## INFORMATION GIVEN
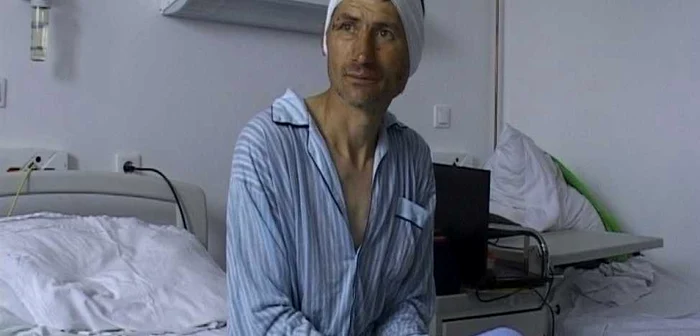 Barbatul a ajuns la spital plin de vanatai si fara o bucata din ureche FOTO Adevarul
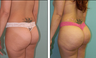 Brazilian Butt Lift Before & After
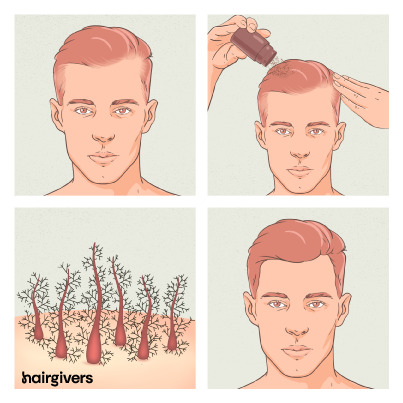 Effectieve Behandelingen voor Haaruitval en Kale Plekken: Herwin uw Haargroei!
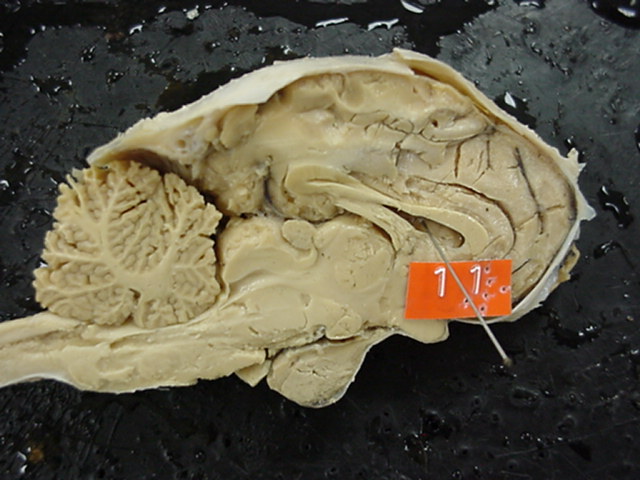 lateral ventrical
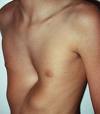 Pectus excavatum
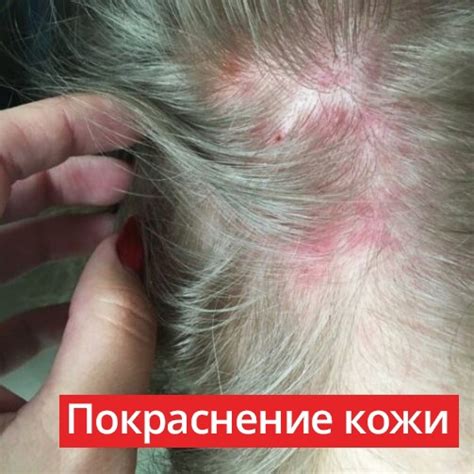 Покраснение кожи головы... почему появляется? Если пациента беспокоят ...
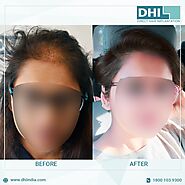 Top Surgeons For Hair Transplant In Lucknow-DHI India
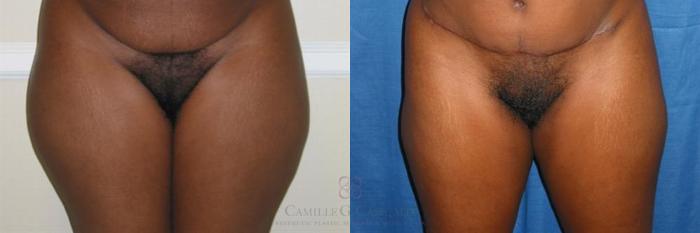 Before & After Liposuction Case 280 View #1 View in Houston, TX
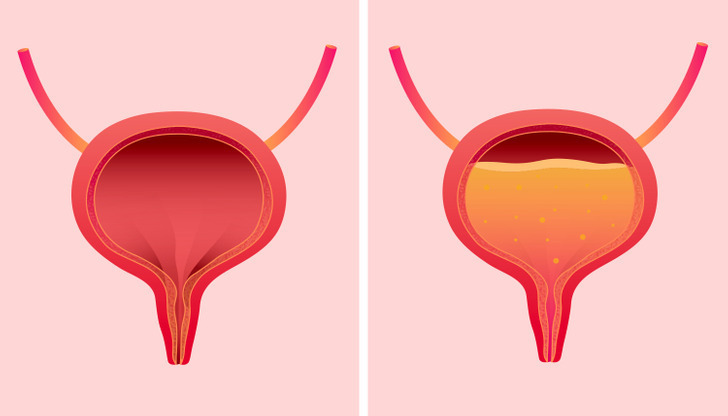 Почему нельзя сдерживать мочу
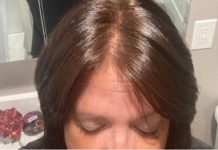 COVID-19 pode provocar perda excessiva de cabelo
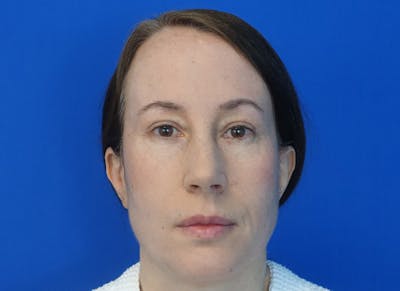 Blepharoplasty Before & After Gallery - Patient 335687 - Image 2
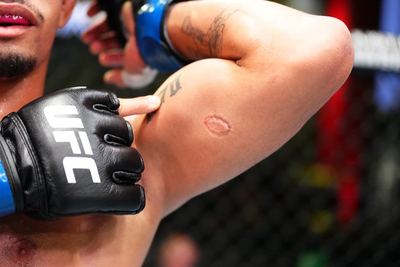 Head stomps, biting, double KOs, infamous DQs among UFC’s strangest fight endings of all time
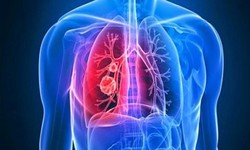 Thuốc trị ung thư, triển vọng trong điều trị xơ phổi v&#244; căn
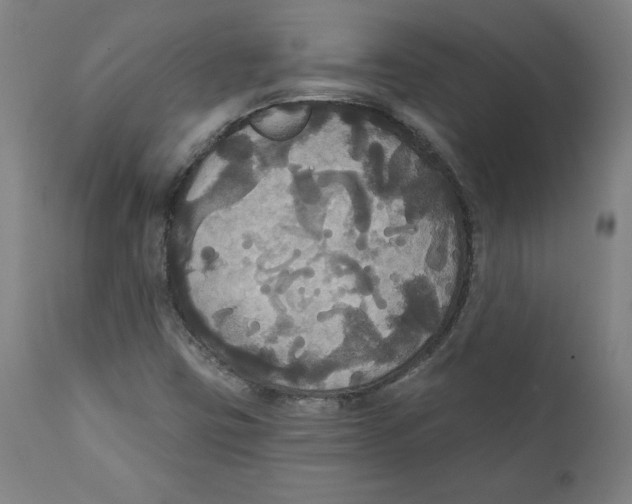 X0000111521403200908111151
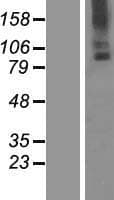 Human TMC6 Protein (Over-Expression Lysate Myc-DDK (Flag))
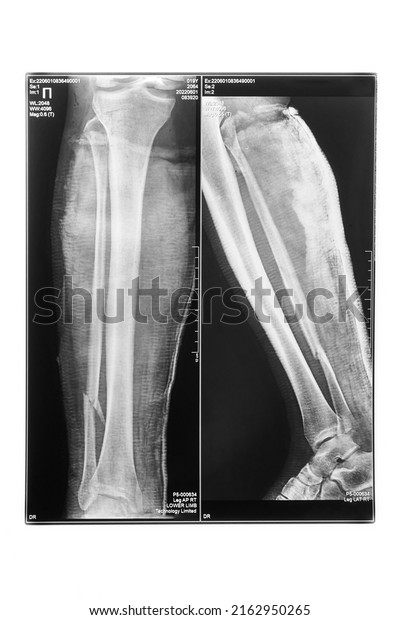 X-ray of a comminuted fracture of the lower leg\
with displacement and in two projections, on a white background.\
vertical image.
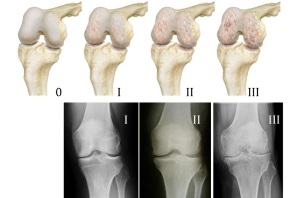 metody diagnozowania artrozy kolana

--

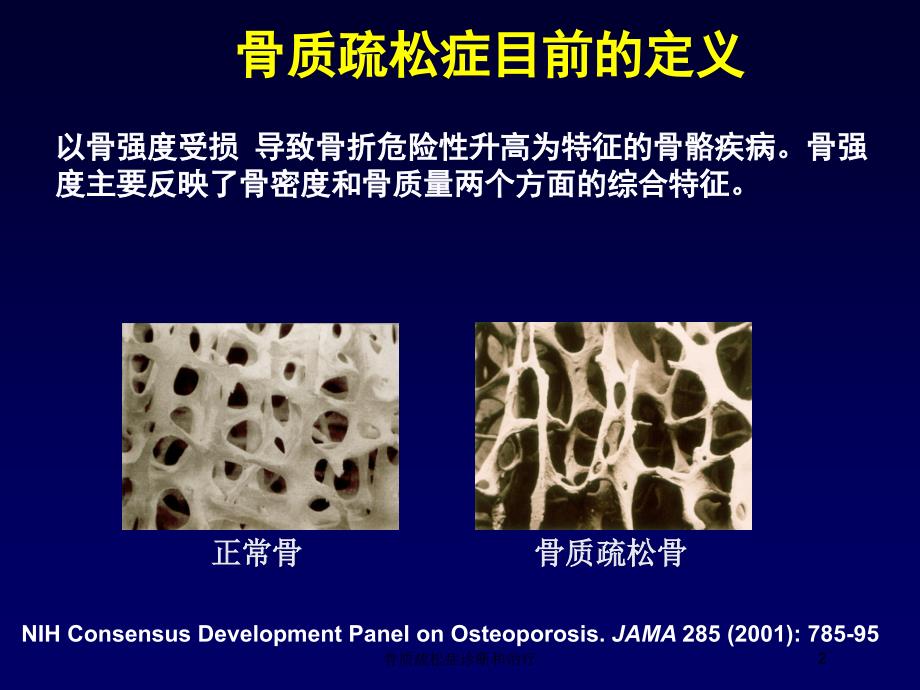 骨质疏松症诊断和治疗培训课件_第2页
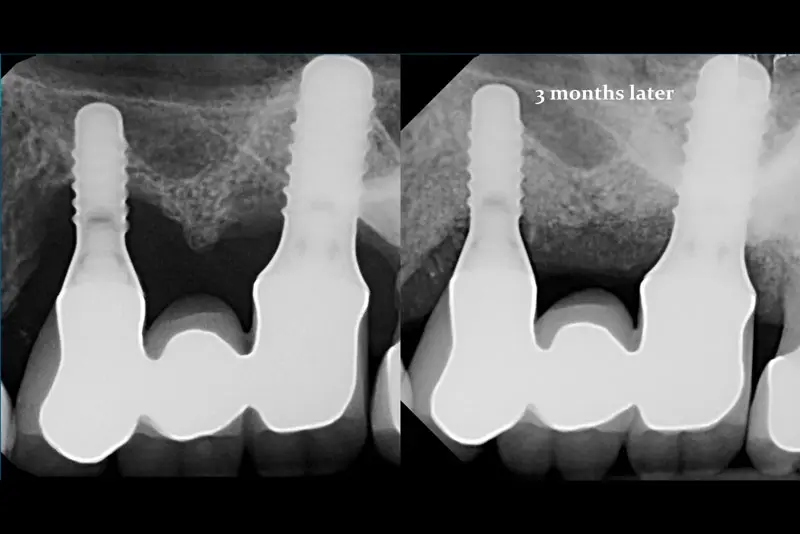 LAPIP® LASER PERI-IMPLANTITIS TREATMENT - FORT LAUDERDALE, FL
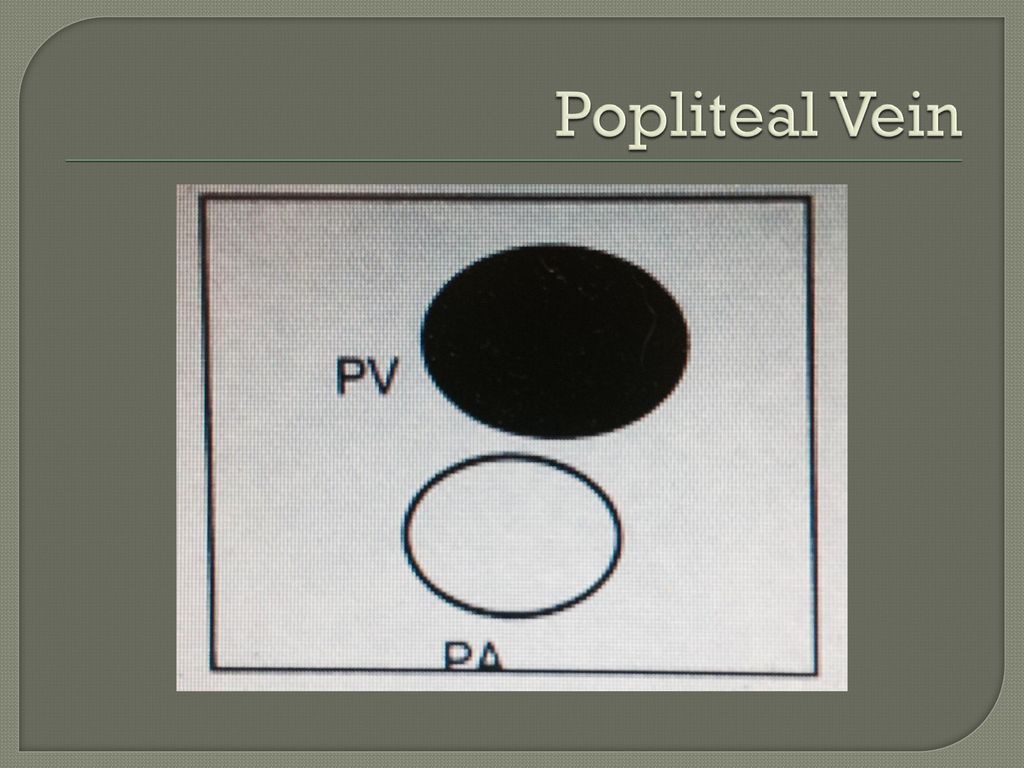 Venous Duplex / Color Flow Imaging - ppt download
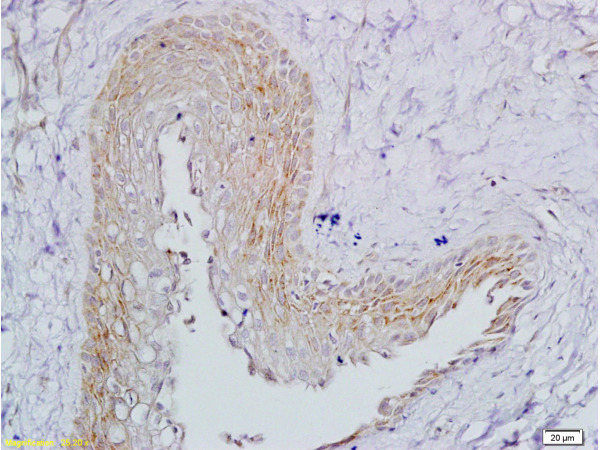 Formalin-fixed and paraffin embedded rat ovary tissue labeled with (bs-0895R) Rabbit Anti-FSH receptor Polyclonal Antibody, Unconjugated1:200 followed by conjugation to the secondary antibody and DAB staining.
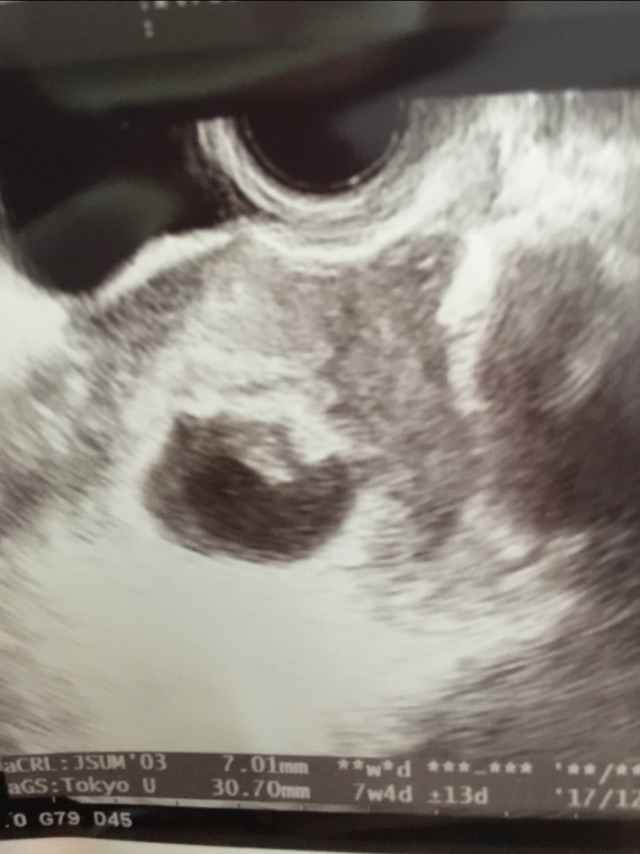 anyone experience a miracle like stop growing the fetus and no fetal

...

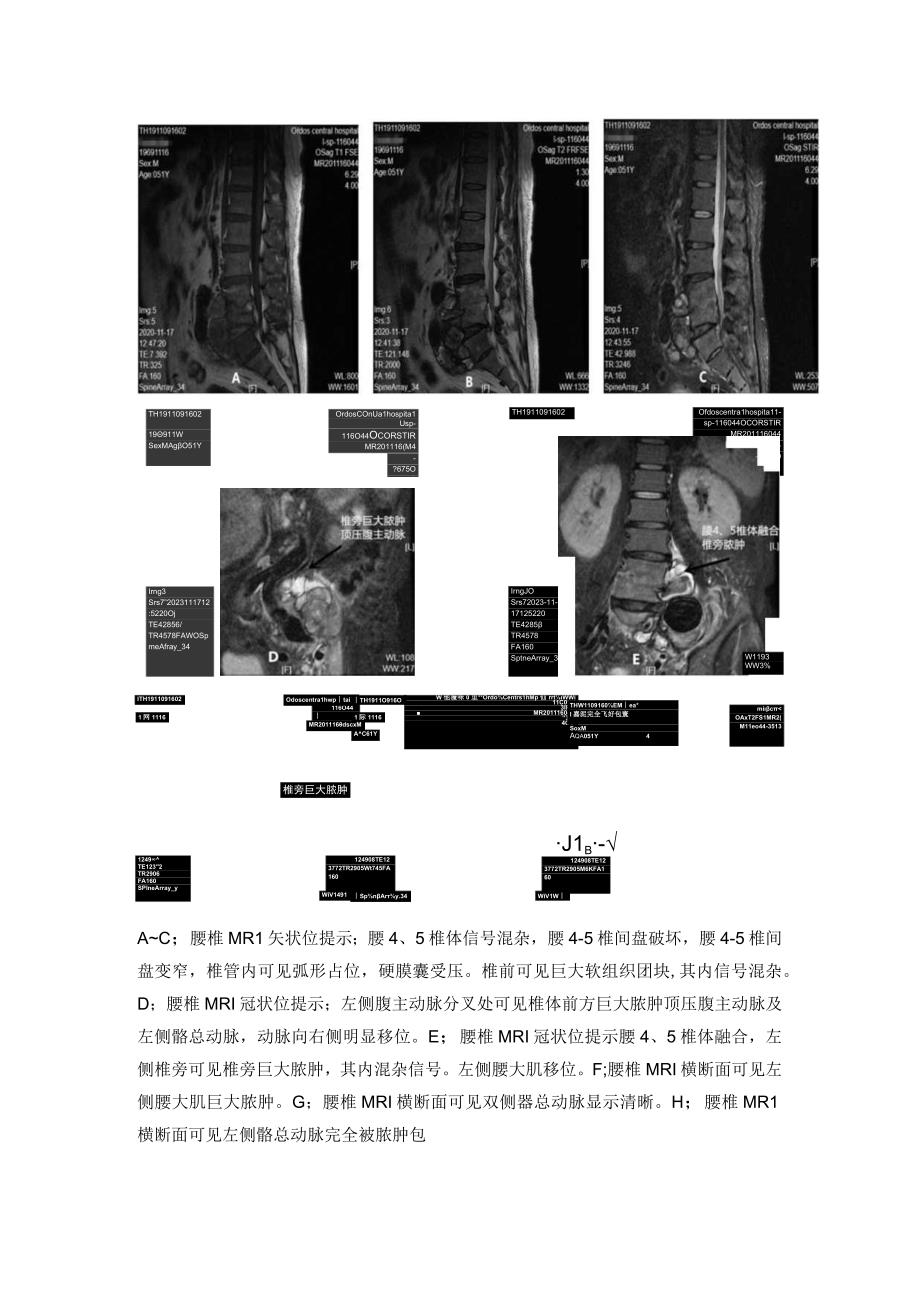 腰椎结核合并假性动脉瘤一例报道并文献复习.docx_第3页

## EXERCISE INSTRUCTIONS
Take the material above and output only the lines from the one that contains "Покраснение кожи головы..." through the one that contains "Blepharoplasty Before &", ends included and images left out.

## EXERCISE OUTPUT
 Покраснение кожи головы... почему появляется? Если пациента беспокоят ...
 Top Surgeons For Hair Transplant In Lucknow-DHI India
 Before & After Liposuction Case 280 View #1 View in Houston, TX
 Почему нельзя сдерживать мочу
 COVID-19 pode provocar perda excessiva de cabelo
 Blepharoplasty Before & After Gallery - Patient 335687 - Image 2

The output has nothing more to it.